Lo paradójico y sumamente preocupante es que con la llegada de la Guardia Nacional, así como el proyecto que tiene el presidente de la República, de construir 12 cuarteles de la Guardia en Acapulco y otros más en las 8 regiones del estado, los guerrerenses no ven que el despliegue militar los haga sentirse más tranquilos. Por el contrario, la experiencia de los años, con el terrorismo de Estado, le dejó lecciones trágicas.
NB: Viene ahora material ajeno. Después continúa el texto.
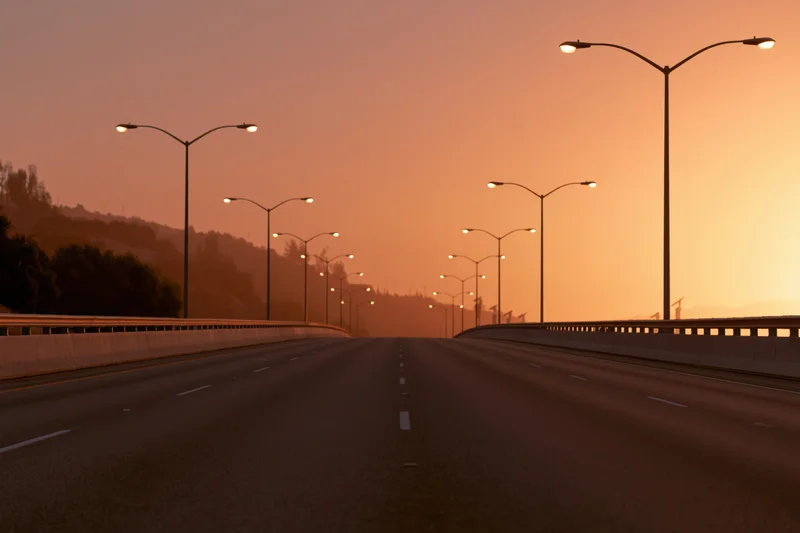 Empty four-lane highway stretching toward the horizon lined with streetlights at sunset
La presencia del Ejército en las ciudades y comunidades es para causar temor, para desmovilizar a la población, para arremeter contra el ciudadano que ejerce su derecho a la protesta, para reprimir a quienes increpan al poder y lo emplazan a rendir cuentas. En este despliegue militar se incrementan las graves violaciones a los derechos humanos y se robustece la impunidad para proteger a los perpetradores.
En los pocos años de creada la Guardia Nacional, sus actuaciones no están del lado de la población que es víctima de la violencia, sino de las autoridades, de los funcionarios públicos, que viven en una burbuja para no poner en riesgo su seguridad. Llegaron para proteger a los gobernantes y a las instituciones públicas. Se han colocado para arremeter contra la población que se atreve a tomar las vías de comunicación. Su presencia no ha servido para contener la avalancha delincuencial, para desactivar ni desmantelar las estructuras criminales. Más bien, los han dejado crecer y les han permitido ejercer libremente sus acciones delincuenciales. En algunos lugares, como Acapulco, se coluden con ellos para el cobro de piso y hasta les dan cobertura a los cobradores y expendedores de los negocios ilícitos.
El presupuesto millonario destinado para el Ejército y la Guardia Nacional no ha redundado ni redundará en beneficio de la gente que paga cuota diariamente a los grupos de la delincuencia. Tampoco tendrán el apoyo las familias desplazadas de manera forzada por la violencia que ejercen estos grupos en sus comunidades y ejidos. Los colectivos de víctimas arriesgan su vida al adentrarse a lugares peligrosos en busca de sus hijos desaparecidos. Para la Guardia Nacional estos acompañamientos a las madres buscadoras no forman parte de sus prioridades institucionales.
En Guerrero la violencia ha cimbrado las estructuras de un poder decrépito que incubó en la delincuencia institucionalizada la delincuencia criminal, que sembró la corrupción y los negocios ilícitos al interior de las instituciones para robustecer la enredadera del crimen organizado. Los crímenes más atroces los cometieron poli-cías, militares y marinos. Fueron la hierba mala que hizo florecer el negocio de la droga en Guerrero y los maestros de la tortura, las desapariciones forzadas, las ejecuciones arbitrarias, los vuelos de la muerte, la irrupción en comunidades, los desplazamientos forzados, las violaciones sexuales, la tierra arrasada. En fin, la violencia del Estado que incubó al crimen organizado.